This addresses a critical evaluation issue for researchers in agentic AI, highlighting that current practices may lead to misleading claims about progress.

The paper tackles the problem of unreliable performance estimates in agentic system evaluations by analyzing 60,000 trajectories on SWE-Bench-Verified, finding that single-run pass@1 scores vary by 2.2 to 6.0 percentage points, which can obscure genuine algorithmic improvements of 2-3 percentage points.

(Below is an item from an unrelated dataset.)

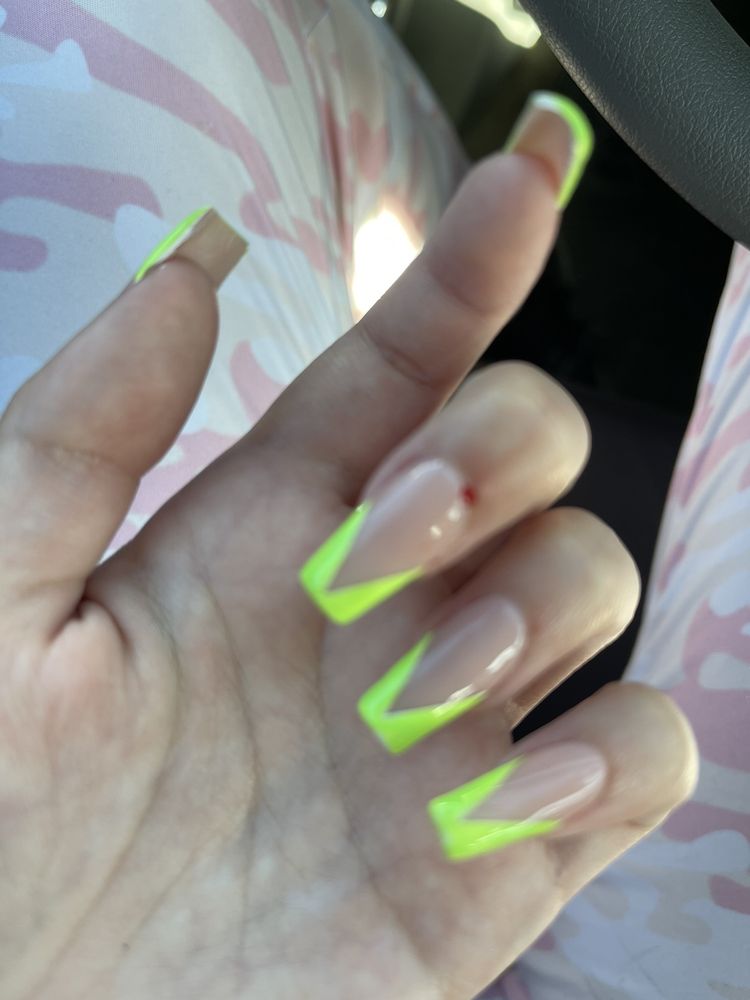 CITY NAILS Updated May 2024 26 Reviews 2019 W Lincoln St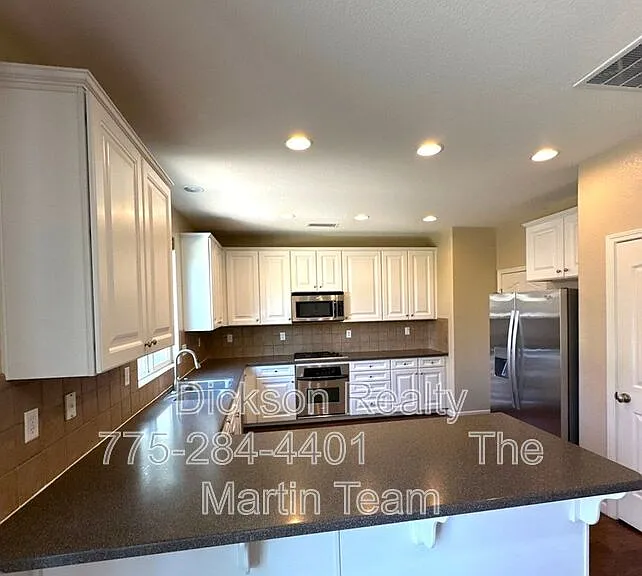 545 Terracina Way — Photo 3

Agentic systems are evaluated on benchmarks where agents interact with environments to solve tasks. Most papers report a pass@1 score computed from a single run per task, assuming this gives a reliable performance estimate. We test this assumption by collecting 60,000 agentic trajectories on SWE-Bench-Verified, spanning three models and two scaffolds. We find substantial variance: single-run pass@1 estimates vary by 2.2 to 6.0 percentage points depending on which run is selected, with standard deviations exceeding 1.5 percentage points even at temperature 0. This variance has critical implications: reported improvements of 2--3 percentage points may reflect evaluation noise rather than genuine algorithmic progress. Through token-level analysis, we show that trajectories diverge early, often within the first few percent of tokens, and that these small differences cascade into different solution strategies. To enable reliable evaluation of agentic systems, we recommend three concrete practices: (1) estimate pass@1 from multiple independent runs per task, especially when measuring small improvements, (2) use statistical power analysis to determine the number of runs needed to detect expected effect sizes, and (3) consider metrics like pass@k (optimistic bound) and pass^k (pessimistic bound) with k>1 to better characterize the full performance envelope. While these practices increase evaluation cost, they are essential for distinguishing genuine scientific progress from statistical noise.